Second, the progress on studying source descriptions separated the question of describing sources from the problem of using those descriptions. The process of translating a query posed over the mediated schema into a set of queries on the data sources became known as the problem of query reformulation. With LAV the problem of reformulating a query boiled down to the problem of answering queries using views [26, 29, 37, 67, 90, 92, 94], a problem which was earlier considered in the context of query optimization [24, 68, 103, 112], but started receiving significant attention due to its additional application to data integration (see [53] for a survey). The important difference is that before LAV, reformulation was already built in to the descriptions, making them less flexible and harder to write.

3. BUILDING ON THE FOUNDATION

Given the foundation of source descriptions, research on data integration developed in several important directions.

3.1 Generating Schema mappings

It quickly became clear that one of the major bottlenecks in setting up a data integration application is the effort required to create the source descriptions, and more specifically, writing the semantic mappings between the sources and the mediated schema. Writing such mappings (and maintaining them) required database expertise (to express them in a formal language) and business knowledge (to understand the meaning of the schemas being mapped).

Hence, a significant branch of the research community focused on semi-automatically generating schema mappings [12, 21, 31, 32, 33, 56, 63, 75, 76, 82, 84, 88, 89, 96, 110]. In general, automatic schema mapping is an AIComplete problem, hence the goal of these efforts was to create tools that speed up the creation of the mappings and reduce the amount of human effort involved.
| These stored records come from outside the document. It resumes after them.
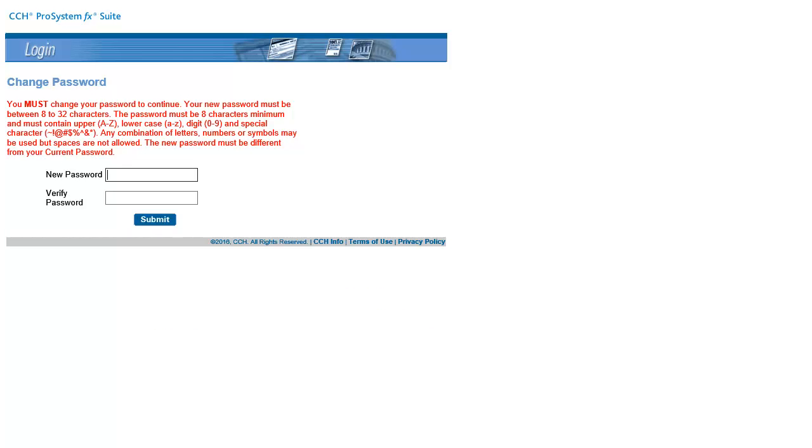Next, change your password. Your new password must be at least eight characters long, contain at least one uppercase letter, one lowercase letter, a number, and a special character.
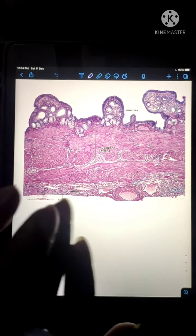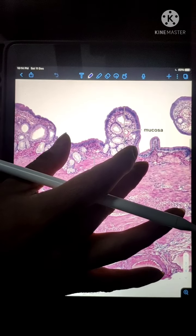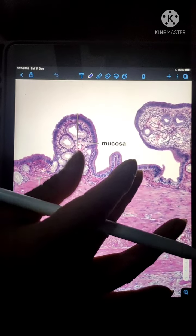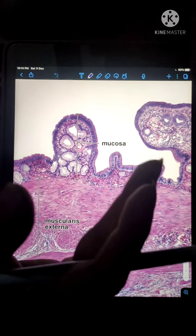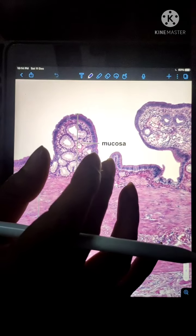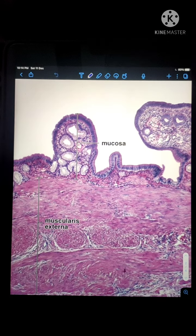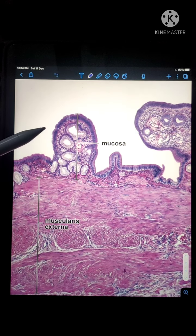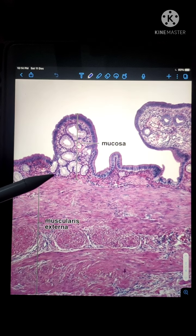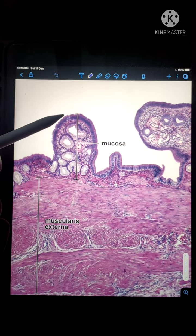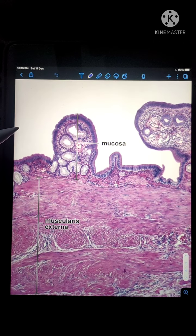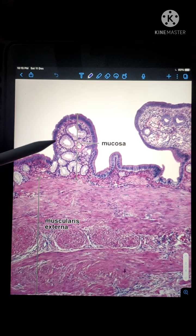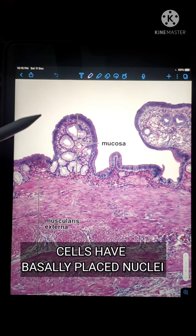Now let's talk about the mucosa. At first glance, the main thing that comes to our notice is that the mucosa is thrown into many folds, which may sometimes resemble the villi of the intestine. However, these folds are present only in a partially distended or empty gallbladder. In a properly distended or full gallbladder, these folds are not very conspicuous.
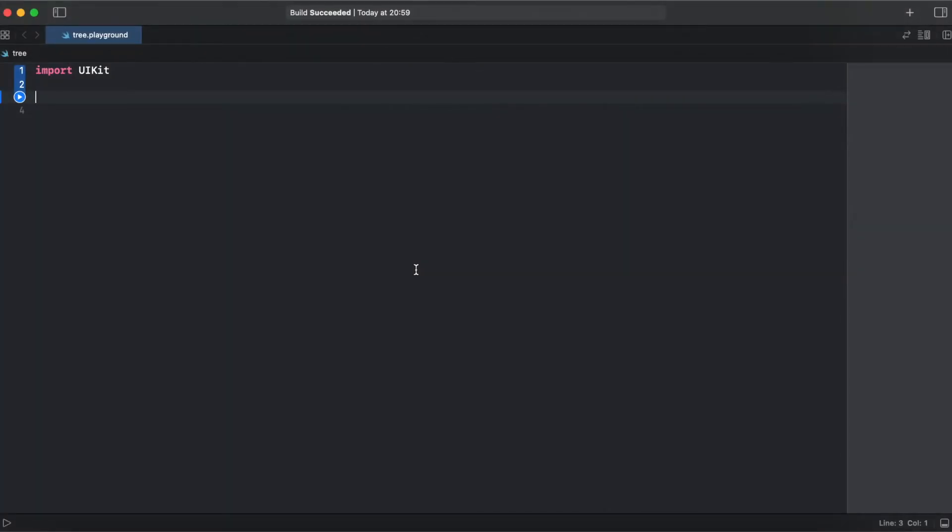So let's go to implementation. First we need to create a node and we'll be using generic type item.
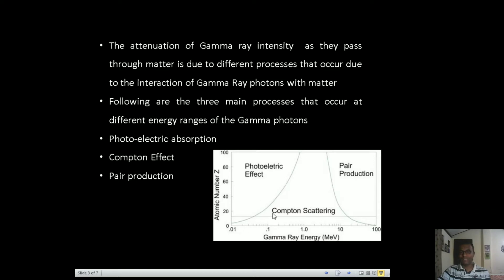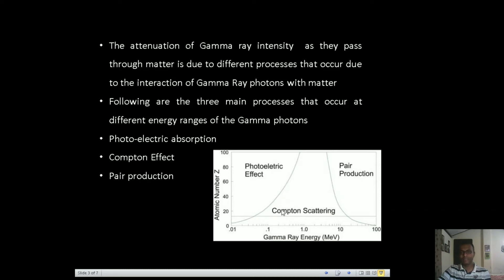There is no exact demarcation as to which process will occur — it also depends upon the material, specifically the atomic number Z of the material through which the gamma rays are passing, as well as the energy of the gamma ray photon. As the atomic number increases, the photoelectric effect can occur up to higher energies. Roughly, at low energies the maximum probability is photoelectric absorption, at intermediate energy scales it is Compton scattering, and at high energies it is the pair production process.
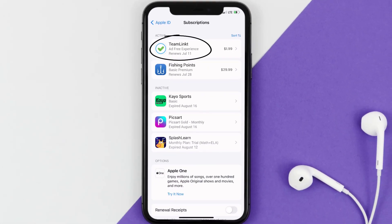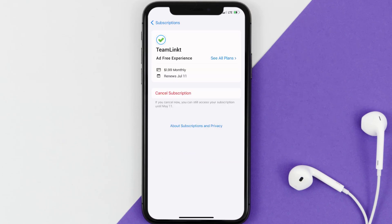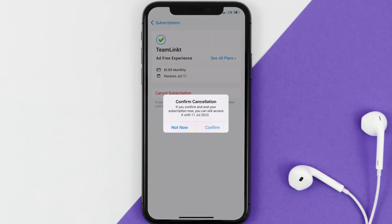Next, tap on Team Linkit under the Active Subscription section, and then in here you'll have the option to cancel subscription at the bottom of the screen. Simply tap on it, and a pop-up will come up that reads Confirm Cancellation. Then hit Confirm, and you'll not be charged anymore.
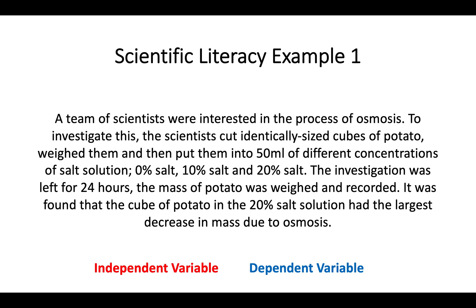This is probably something you've done during a practical on diffusion and osmosis. In an exam the first thing we're looking at is: what is the independent variable — what is the thing that has been changed? Reading through: the potatoes were cut to identical size, so that's not been changed; they were put into 50 ml of solution, so the volume is the same. The thing that has changed is the different concentrations of salt solution — 0, 10, and 20%. That is the only thing in the entire investigation that has been changed, so that must be the independent variable.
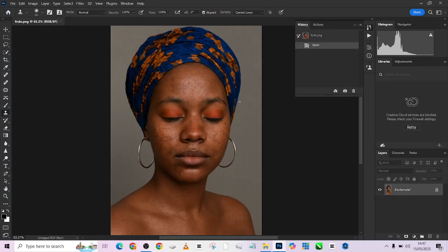Hello guys, welcome back to the Graphics Academy. Today we're going to be looking at something very interesting — how to clean up your image using frequency separation. Blemish removal and everything we're going to be doing will be done inside frequency separation. I'm going to show you the best settings that allow you to take care of your blemishes while setting up your frequency separation.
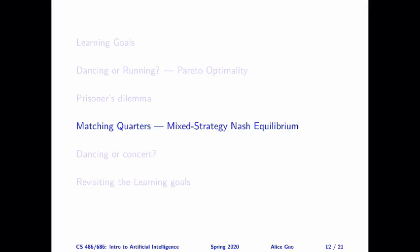Hello everyone, this is Alice Gal. In this video, I'm going to start talking about mixed strategy Nash equilibrium. This is the final solution concept that I'm going to talk about, and we'll look at the game called matching quarters.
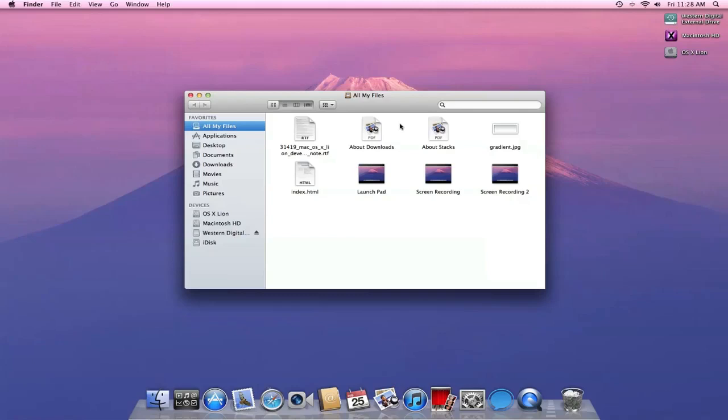So that is a new feature that I think will definitely come in handy. Below that is application, desktop documents, downloads, movies, music, pictures.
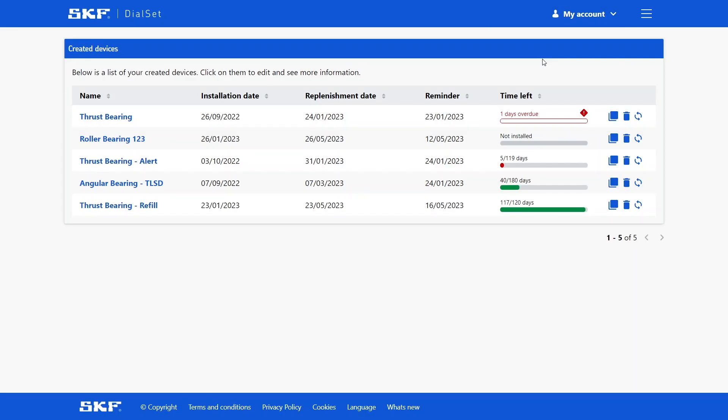After saving your applications, you are able to have a device overview as well. So you can see how long you have until the replenishment needs to be done in a specific application. You can see if you have an application which is already overdue and that needs to be replenished as soon as possible. And if you have, for example, some lubricators that need to be replenished soon. This can all be combined with the alert functionality, which we call remind me function, within SKF dialset. This will also enable you to better manage all your lubricators, even if these are not connected.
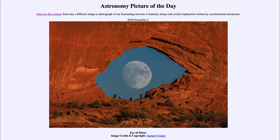It is titled Eye of the Moon. So what do we see here? What looks like a gigantic eye stretched out here is actually a combination of a number of things, and a photograph that required a lot of careful planning to get everything just right.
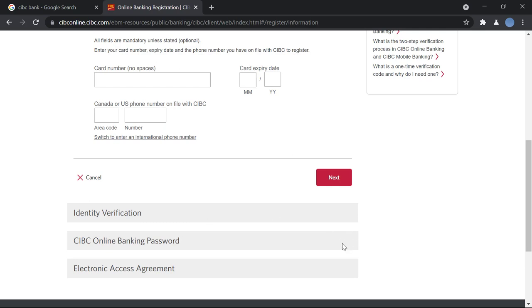And after that, you will create a username and a password to log in to your online banking account. And once you do that, you will agree to the terms and conditions set by the bank for online banking. And after that, your registration will be complete and you will now be able to log in to your account.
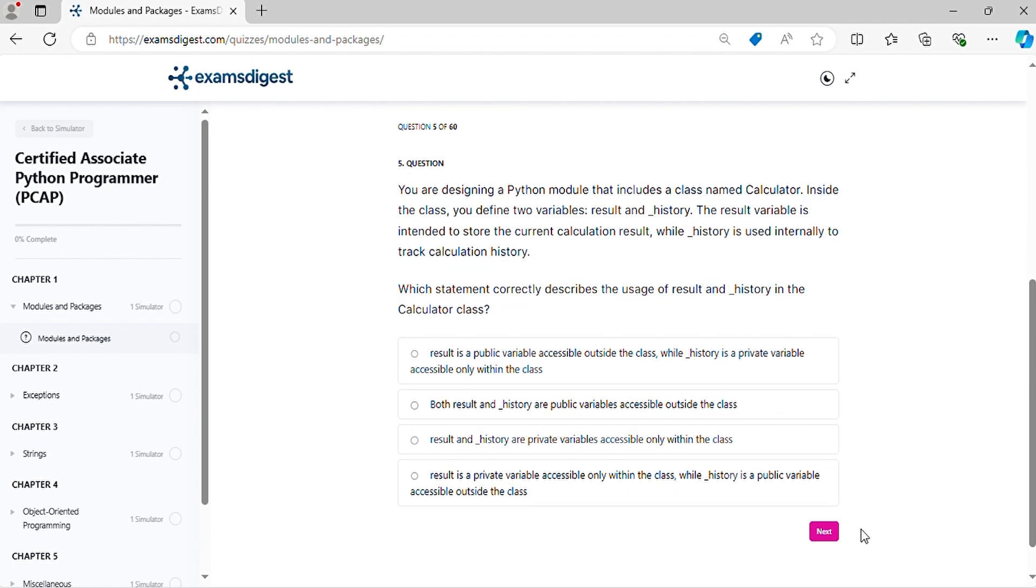Question five: You are designing a Python module that includes a class named Calculator. Inside the class you define two variables: result and _history. The result variable is intended to store the current calculation result, while _history is used internally to track calculation history. Which statement correctly describes the usage of result and _history in the Calculator class?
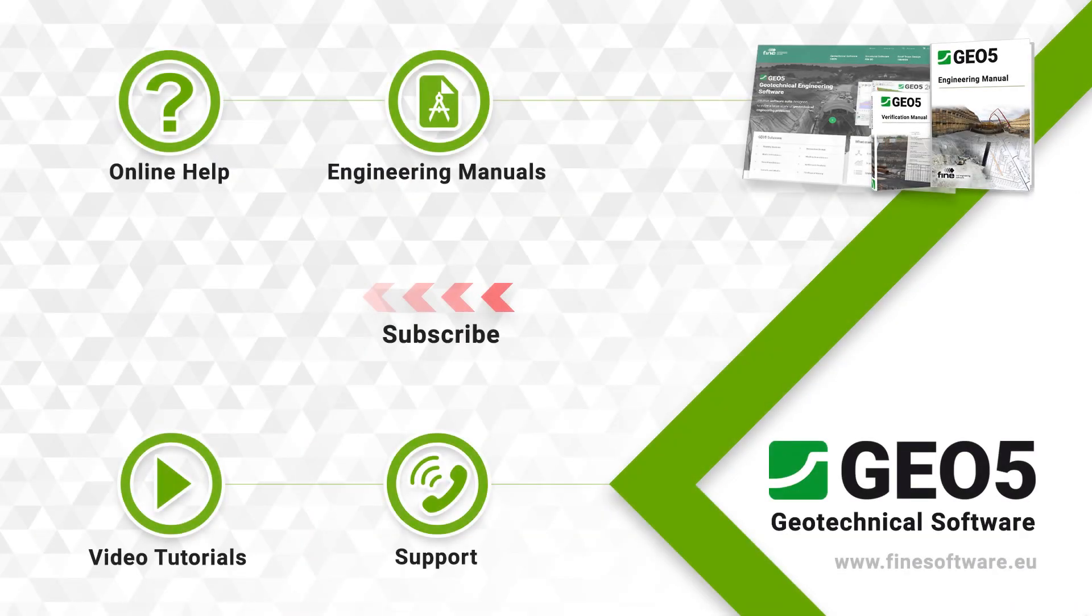For more information, subscribe to our YouTube channel or visit our website, www.findsoftware.eu.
The work on automated schema mapping was based on the following foundations. First, the research explored techniques to map between schemas based on clues that can be obtained from the schemas themselves, such as linguistic similarities between schema elements and overlaps in data values or data types of columns. Second, based on the observation that none of the above techniques is foolproof, the next development involved sys-

tems that combined a set of individual techniques to create mappings [31, 32]. Finally, one of the key observations was that schema mapping tasks are often repetitive. For example, in data integration we map multiple schemas in the same domain to the same mediated schema. Hence, we could use Machine Learning techniques that consider the manually created schema mappings as training data, and generalize from them to predict mappings between unseen schemas. As we describe in Section 4, these techniques are in commercial use today and are providing important benefits in the settings in which they are employed.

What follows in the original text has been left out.